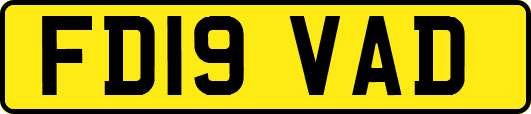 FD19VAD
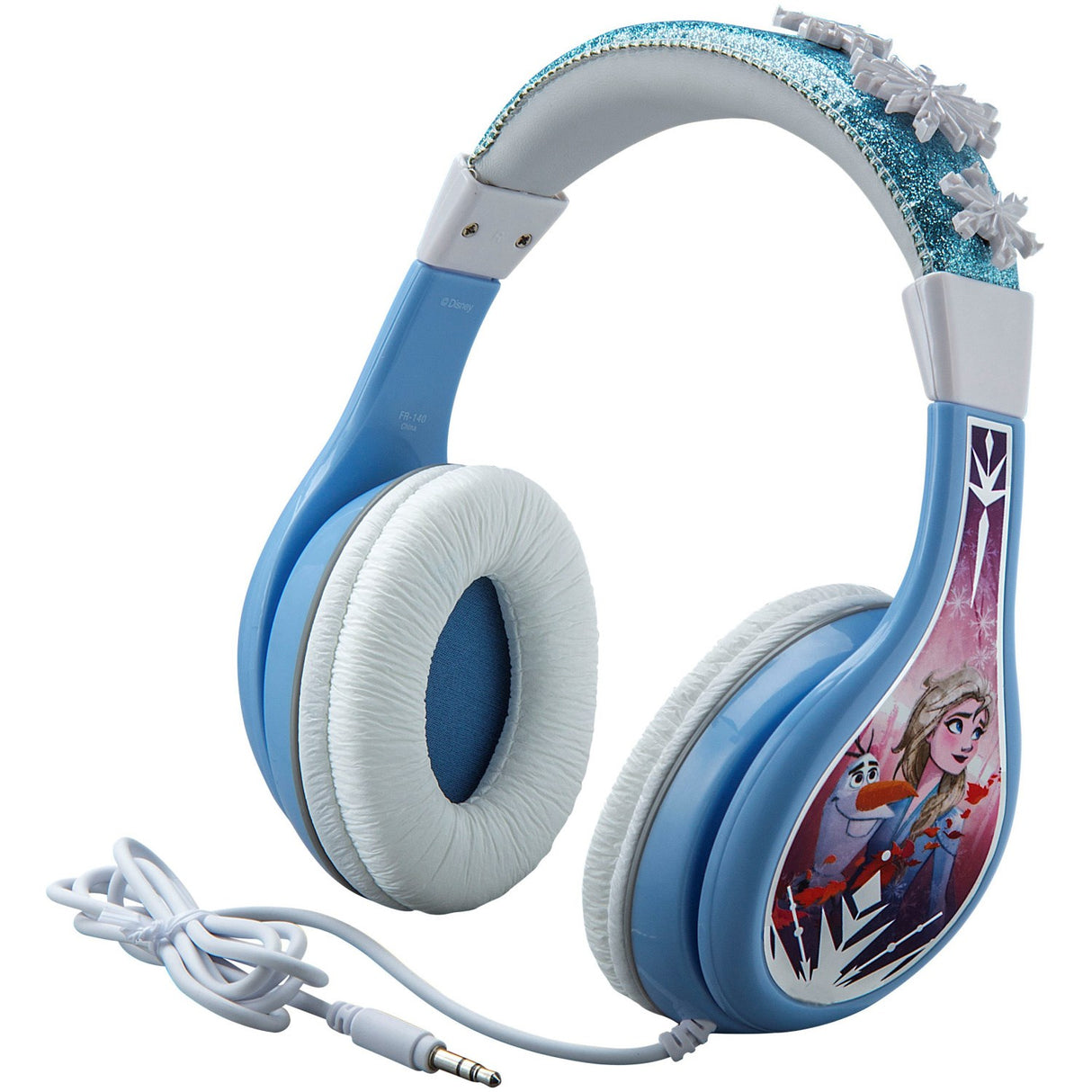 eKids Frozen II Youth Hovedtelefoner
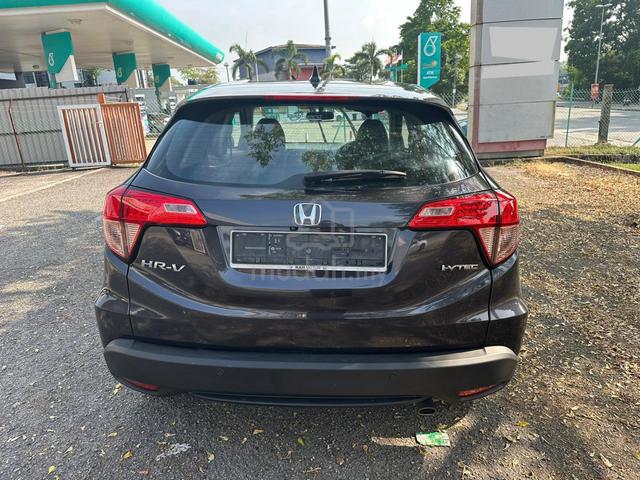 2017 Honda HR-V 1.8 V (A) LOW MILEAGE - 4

...

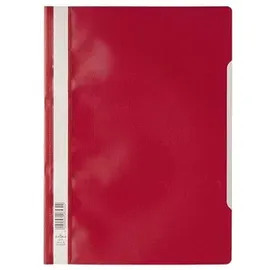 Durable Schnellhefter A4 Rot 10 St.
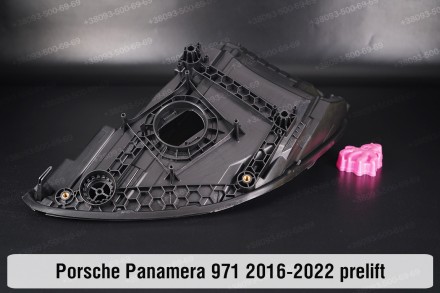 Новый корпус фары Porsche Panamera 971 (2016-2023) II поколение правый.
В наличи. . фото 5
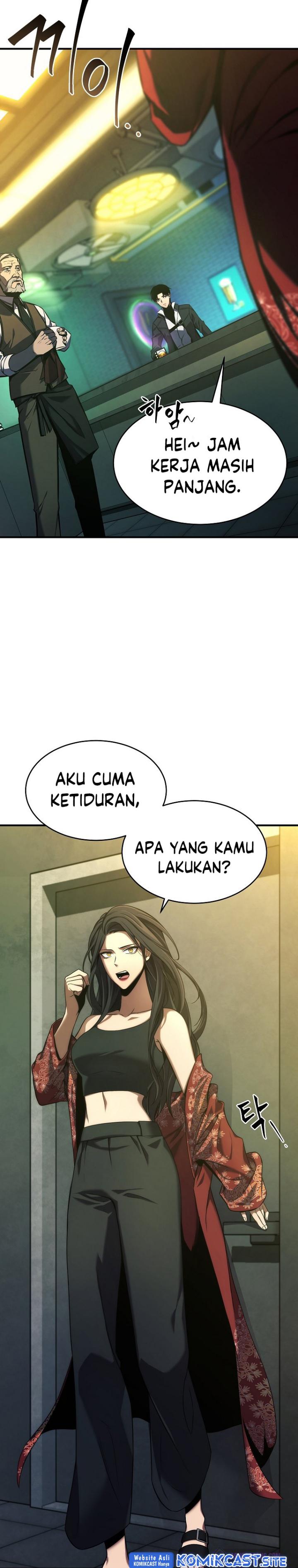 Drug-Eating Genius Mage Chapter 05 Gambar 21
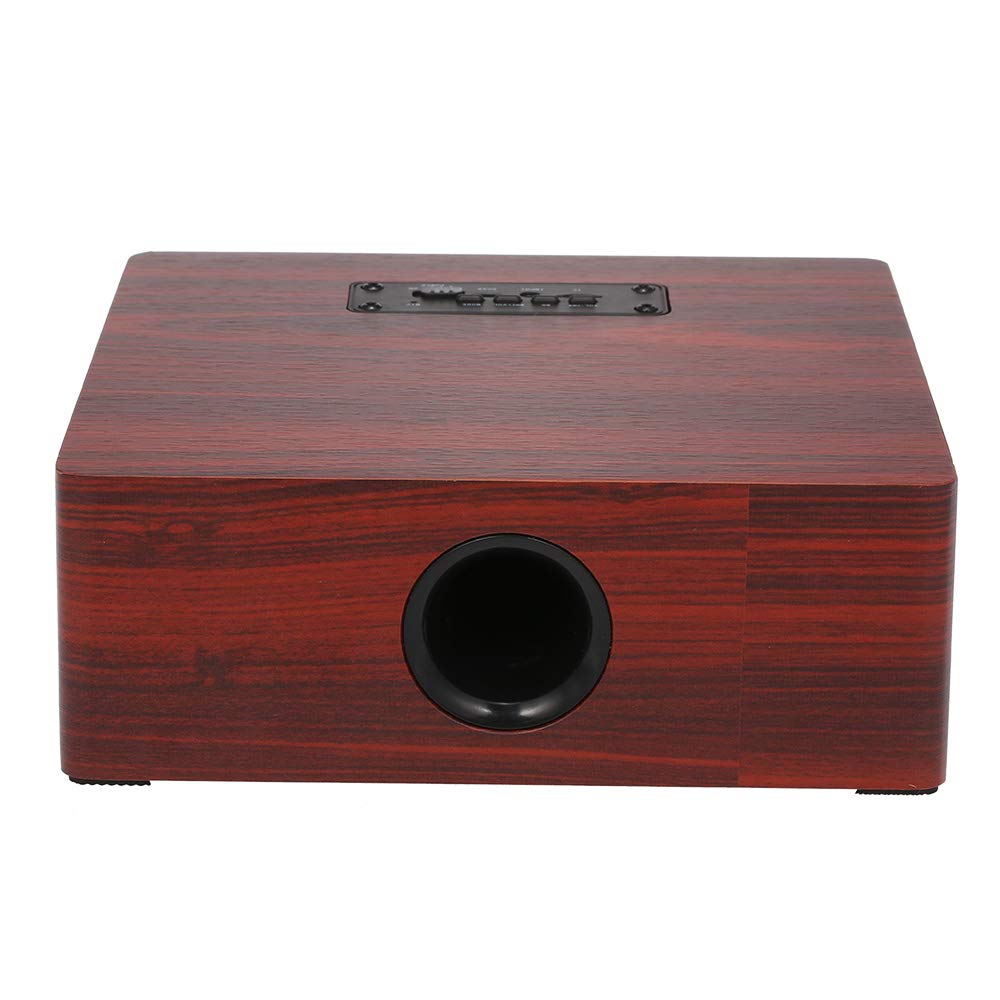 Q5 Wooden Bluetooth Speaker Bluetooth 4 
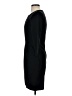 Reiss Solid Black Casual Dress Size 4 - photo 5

...

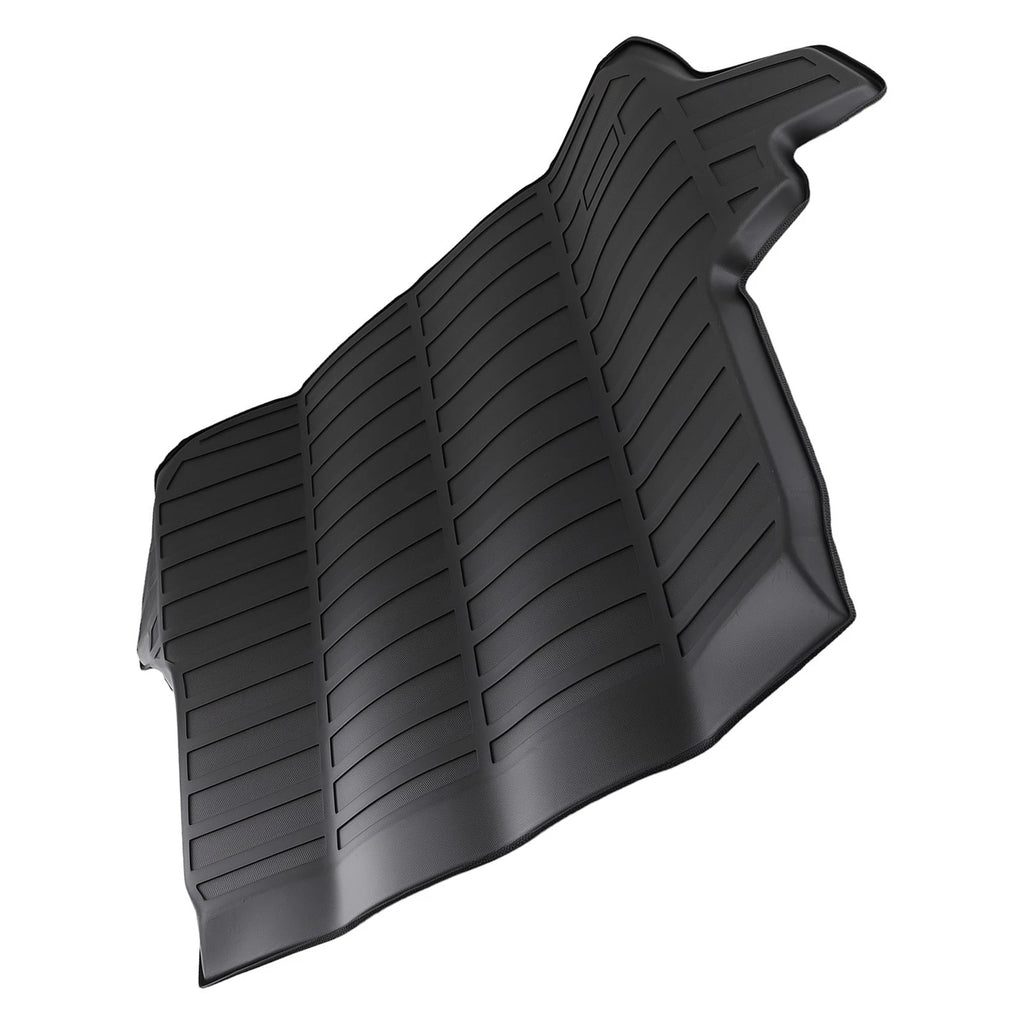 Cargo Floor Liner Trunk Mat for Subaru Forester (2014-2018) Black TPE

*What is being asked*: Each line above starting at the one holding "Q5 Wooden Bluetooth Speaker Bluetooth 4" and ending at the one holding "Reiss Solid Black" should be set down exactly as it stands, both ends included, with no pictures.

*Answer section*:
 Q5 Wooden Bluetooth Speaker Bluetooth 4 
 Reiss Solid Black Casual Dress Size 4 - photo 5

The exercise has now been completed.